Kinetica Reveal screen shot

In-memory database maker Kinetica Db Inc. today is adding in-database analytics via user-defined functions to its namesake product, enabling machine learning and artificial intelligence libraries such as TensorFlow, BiDMach, Caffe and Torch to run directly inside the database, rather than requiring a time-consuming process for extracting, transferring and loading the data.

The company, whose distinction is its use of hardware graphics processing units to accelerate performance, is also introducing a new visualization framework and adding a feature that lets users assign tasks to specific GPUs to boost performance up to tenfold.

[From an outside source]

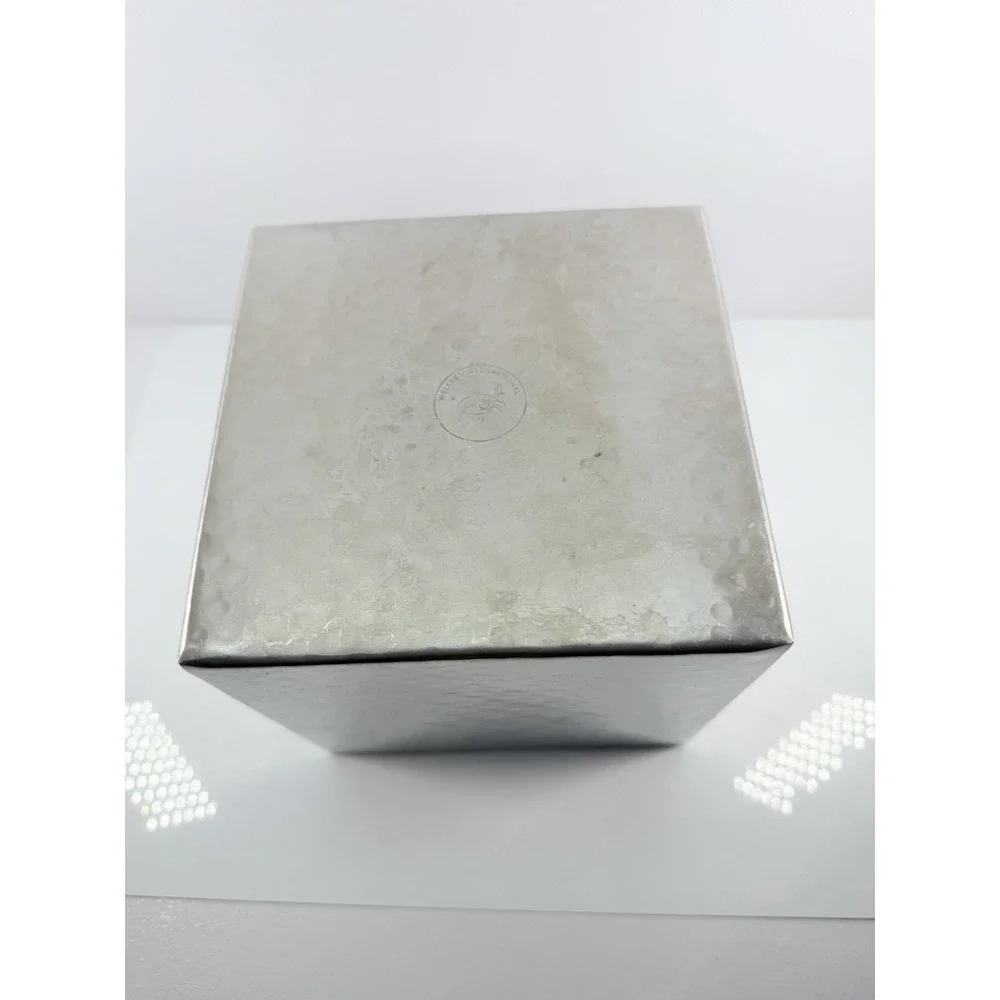 vintage Wendell August‎ Forge hammered aluminum box Hand Crafted.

The company, which has raised $13 million from a venture fund headed by former Oracle Corp. President Ray Lane, aims to address some of the scalability problems of key value stores such as HBase and Cassandra using GPUs to accelerate parallel processing in a column-store engine. “The era of the Internet of Things is starting,” said Eric Mizell, vice president of global solution engineering. “We solve the real-time gap that Hadoop left behind.”

Originally developed for applications such as visualization and gaming, GPUs are sparking new interest as parallel processing engines for highly scalable database and analytics tasks. The GPU typically attaches via a Peripheral Component Interconnect bus and has its own memory, enabling high levels of parallelization and offloading processing from the central processing unit.

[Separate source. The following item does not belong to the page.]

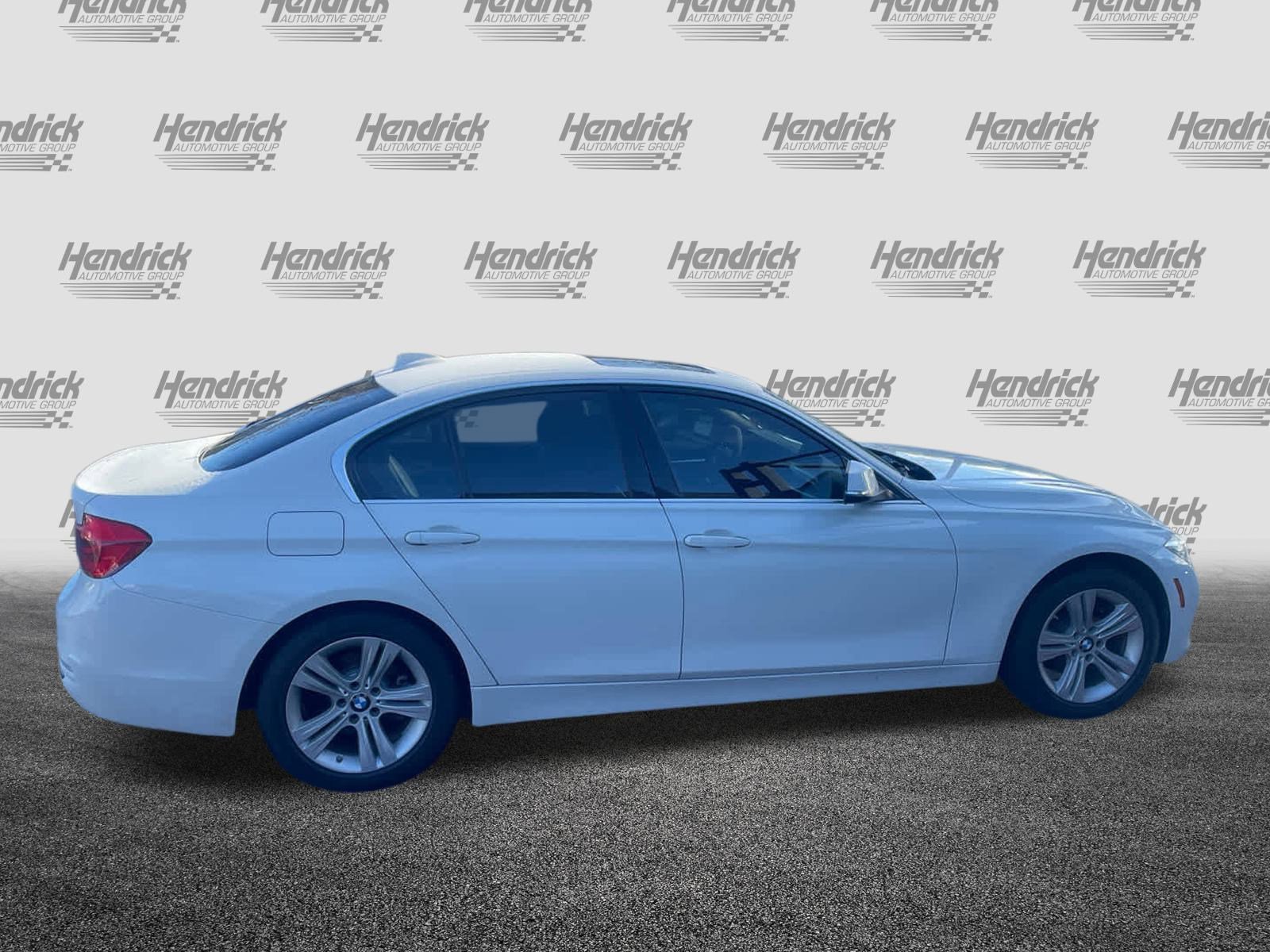 Used 2018 BMW 330i Sedan w/ Convenience Package image 9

Registering machine learning libraries as user-defined functions, or UDFs, enables them to be accessed via an application program interface call from within the database, greatly improving performance, Mizell said. This is especially useful for applications like trading, in which split-second decisions can have big financial consequences. “Traders can now bring in social and news feeds to look at trends and make better and faster decisions,” Mizell said.

Developers can use application programming interfaces to leverage third-party code such as Nvidia Corp.’s CUDA parallel computing platform by deploying orchestration hooks via RESTful APIs to for registration and de-registration. They can also call endpoints via the exposed API to create input and output tables and use arbitrary binaries to receive table data, do arbitrary computations and save output to a global table in a distributed manner.

There are many streaming and near-real-time engines out there, including Apache Spark, Apache Storm and Apache Flink. Kinetica doesn’t compete with those engines but works with them. “Those are execution engines; we’re a database that lets you run real-time calculations,” Mizell said.

The new visualization engine, called “Reveal,” (pictured) can be used for data exploration by enabling business analysts to visualize and interact with billions of data elements instantly. User can drag and drop data tables to create custom views and access more than a dozen analytical widgets for creating interactive real-time dashboards.

Reveal also integrates with major mapping engines, including those from Google, Environmental Systems Research Institute Inc., Mapbox Inc. and Microsoft Bing, to conduct interactive location-based analytics on massive datasets. The engine can render a billion points on a map in 200 milliseconds, or a fifth of a second, Mizell said.

Kinetica is also adding a VRAM Boost Mode that enables users to “pin” data to video memory instead of main memory, improving both performance and scalability.

The new features are immediately available. Pricing is based upon memory capacity, but Kinetica wouldn’t specify details.